--- Supplied material ---
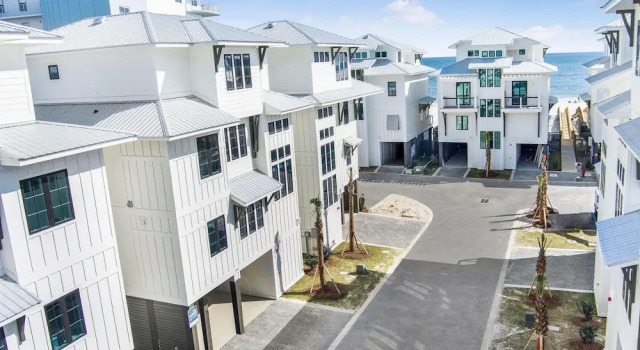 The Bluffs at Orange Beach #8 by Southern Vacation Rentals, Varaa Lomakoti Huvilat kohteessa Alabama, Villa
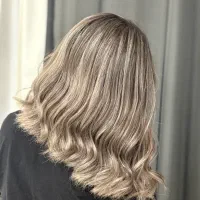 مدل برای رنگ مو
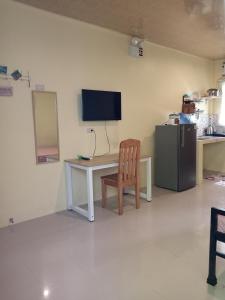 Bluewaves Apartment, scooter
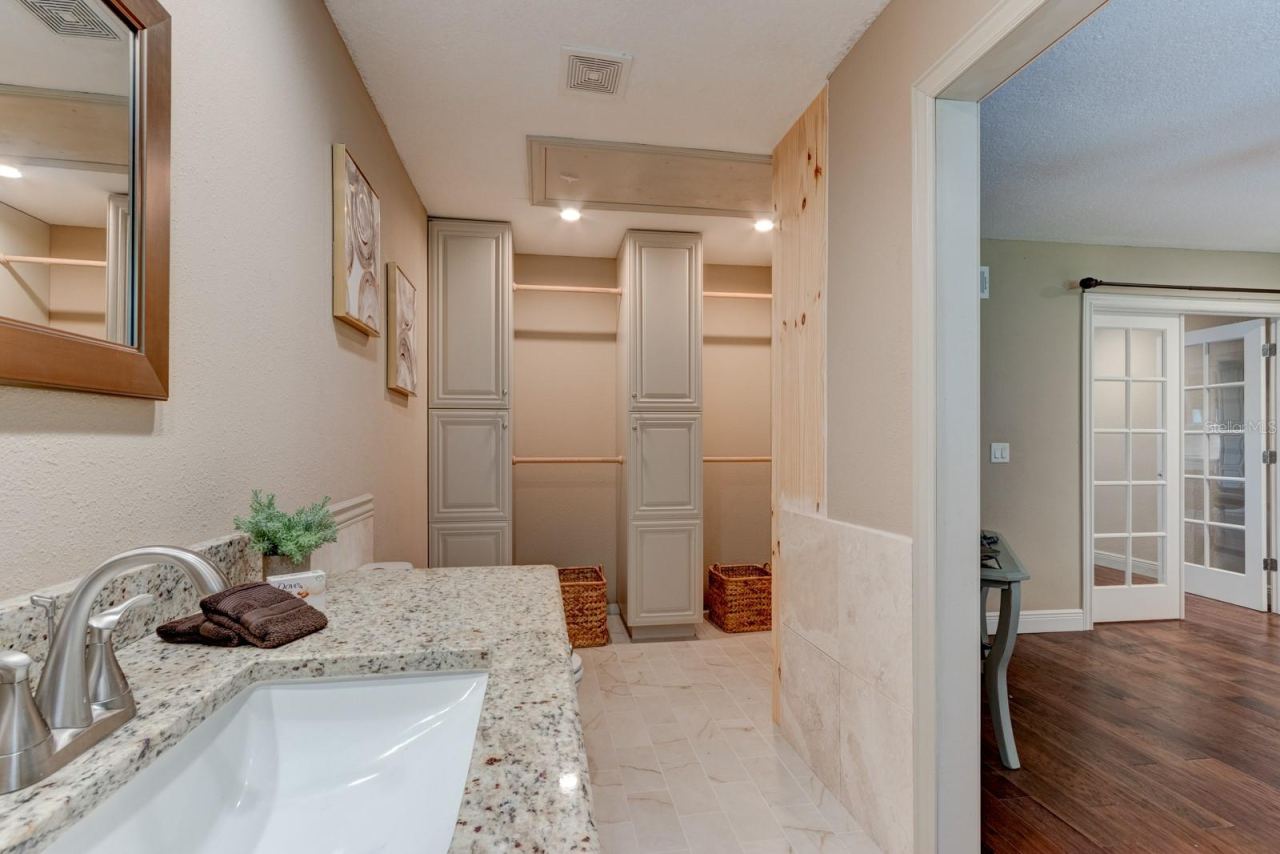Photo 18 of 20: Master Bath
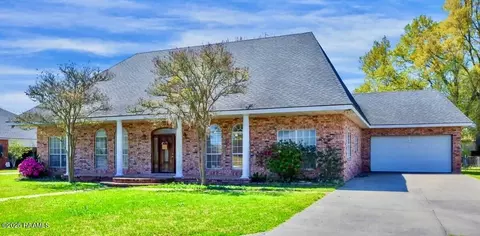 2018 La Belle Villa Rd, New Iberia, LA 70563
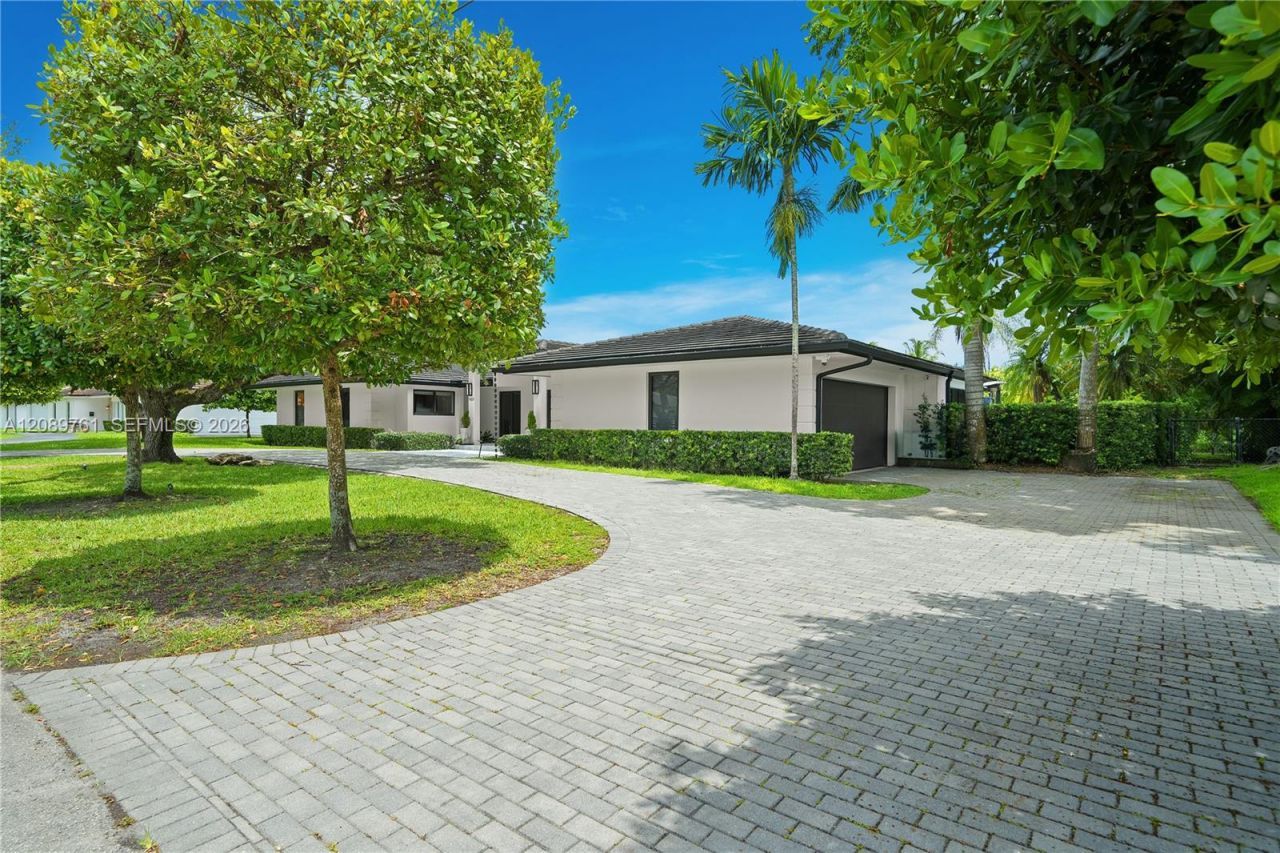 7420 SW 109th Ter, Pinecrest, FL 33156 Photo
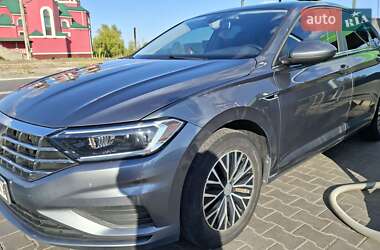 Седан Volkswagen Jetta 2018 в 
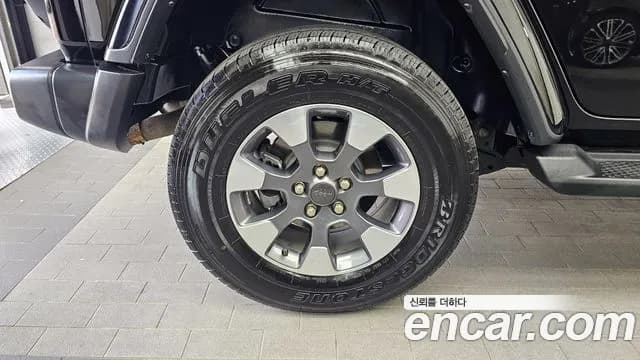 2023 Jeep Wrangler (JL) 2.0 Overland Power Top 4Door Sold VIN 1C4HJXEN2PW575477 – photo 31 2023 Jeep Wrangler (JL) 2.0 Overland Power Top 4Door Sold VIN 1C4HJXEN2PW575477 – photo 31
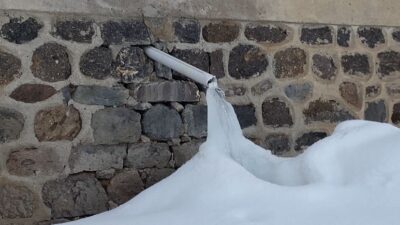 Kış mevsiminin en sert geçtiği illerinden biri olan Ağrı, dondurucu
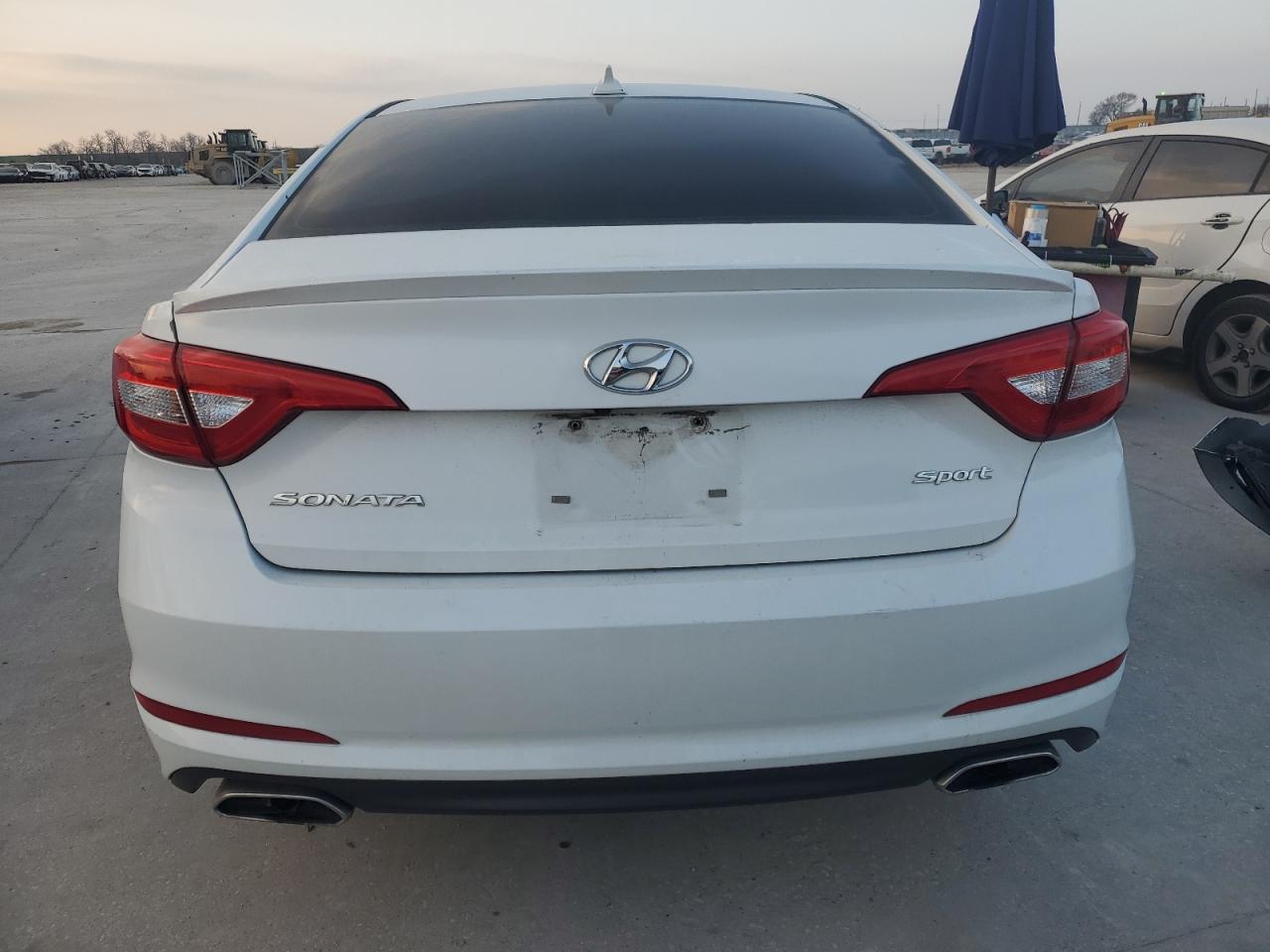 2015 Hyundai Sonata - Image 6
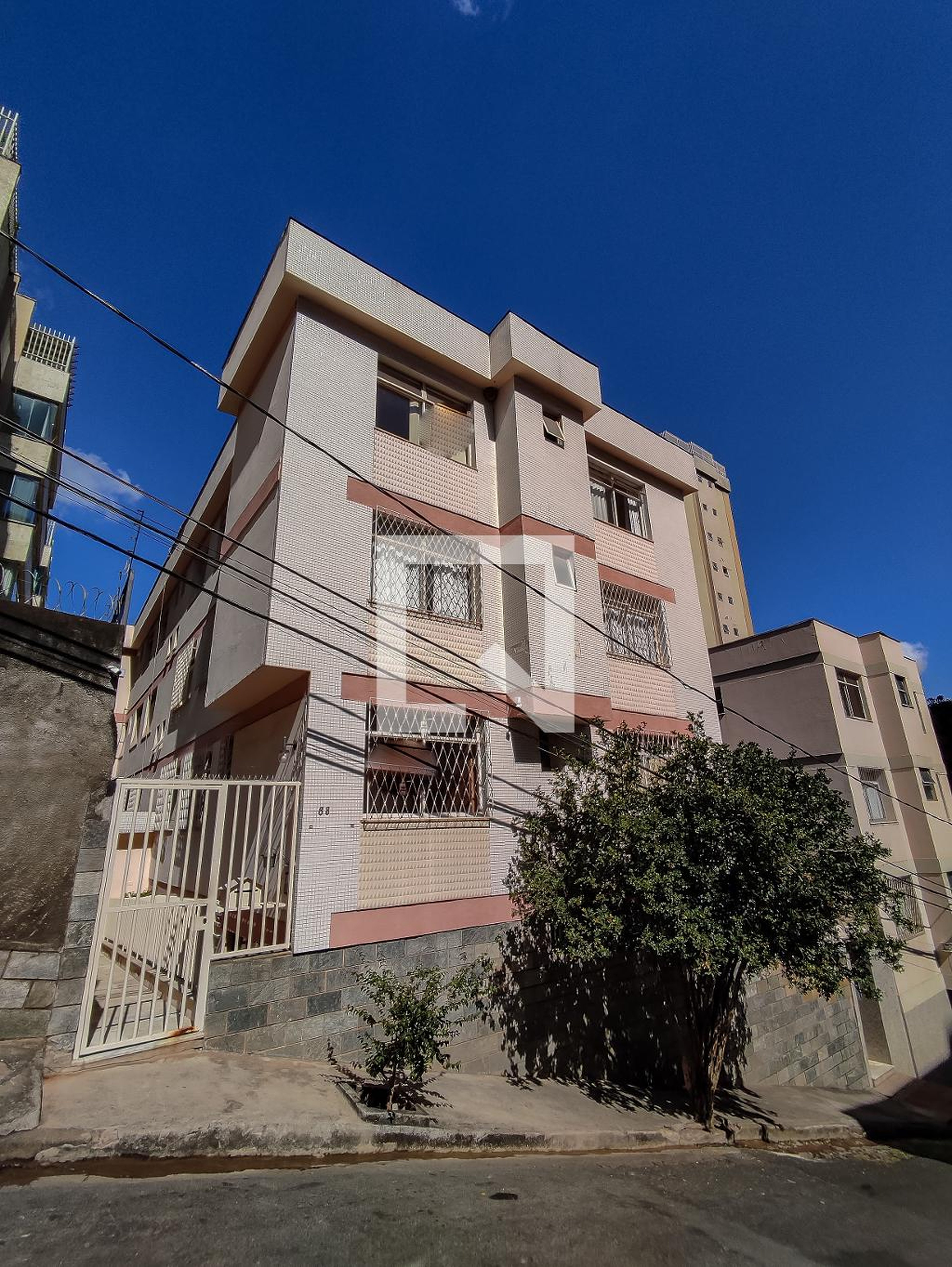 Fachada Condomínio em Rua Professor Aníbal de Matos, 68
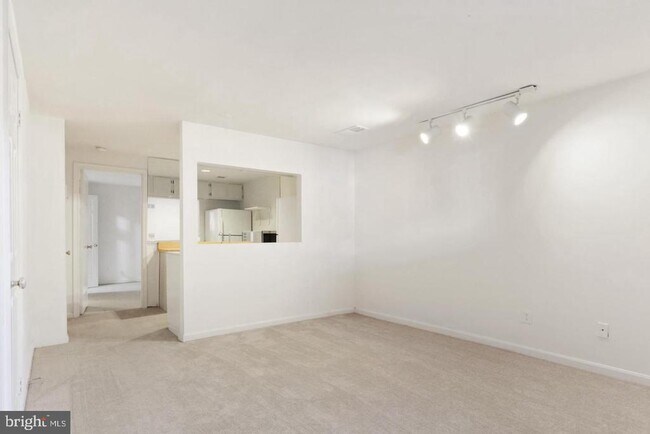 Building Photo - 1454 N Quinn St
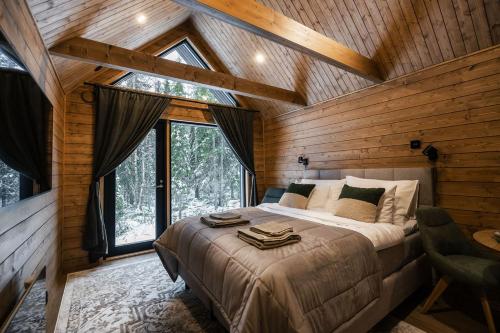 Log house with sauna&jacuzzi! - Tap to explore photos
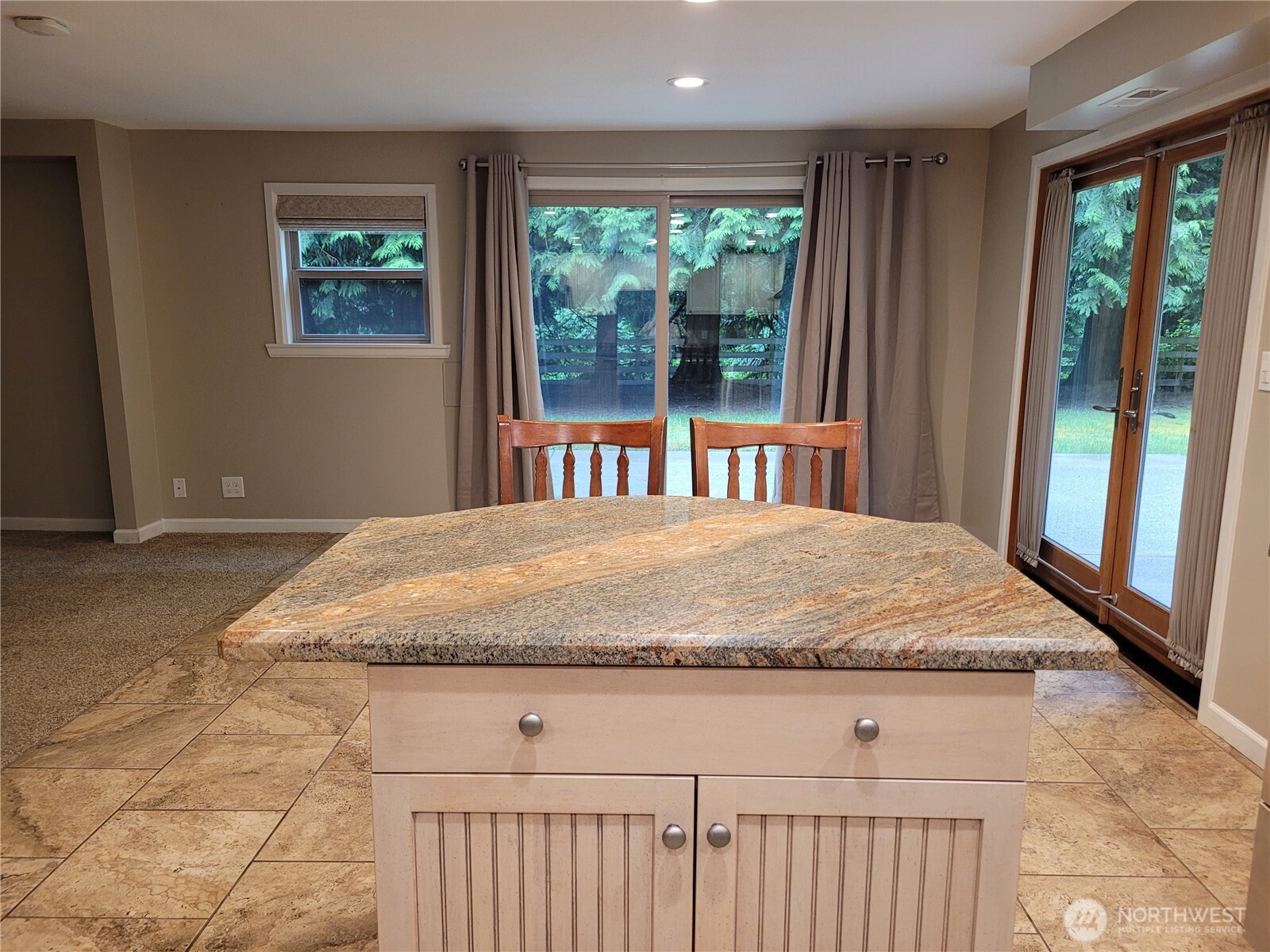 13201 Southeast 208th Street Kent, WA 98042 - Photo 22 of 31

--- Exercise description ---
In the data above, the line containing "مدل برای رنگ مو" and all lines after it are to be reproduced exactly, leaving out the pictures.

--- Output of the exercise ---
 مدل برای رنگ مو
 Bluewaves Apartment, scooter
Photo 18 of 20: Master Bath
 2018 La Belle Villa Rd, New Iberia, LA 70563
 7420 SW 109th Ter, Pinecrest, FL 33156 Photo
 Седан Volkswagen Jetta 2018 в 
 2023 Jeep Wrangler (JL) 2.0 Overland Power Top 4Door Sold VIN 1C4HJXEN2PW575477 – photo 31 2023 Jeep Wrangler (JL) 2.0 Overland Power Top 4Door Sold VIN 1C4HJXEN2PW575477 – photo 31
 Kış mevsiminin en sert geçtiği illerinden biri olan Ağrı, dondurucu
 2015 Hyundai Sonata - Image 6
 Fachada Condomínio em Rua Professor Aníbal de Matos, 68
 Building Photo - 1454 N Quinn St
 Log house with sauna&jacuzzi! - Tap to explore photos
 13201 Southeast 208th Street Kent, WA 98042 - Photo 22 of 31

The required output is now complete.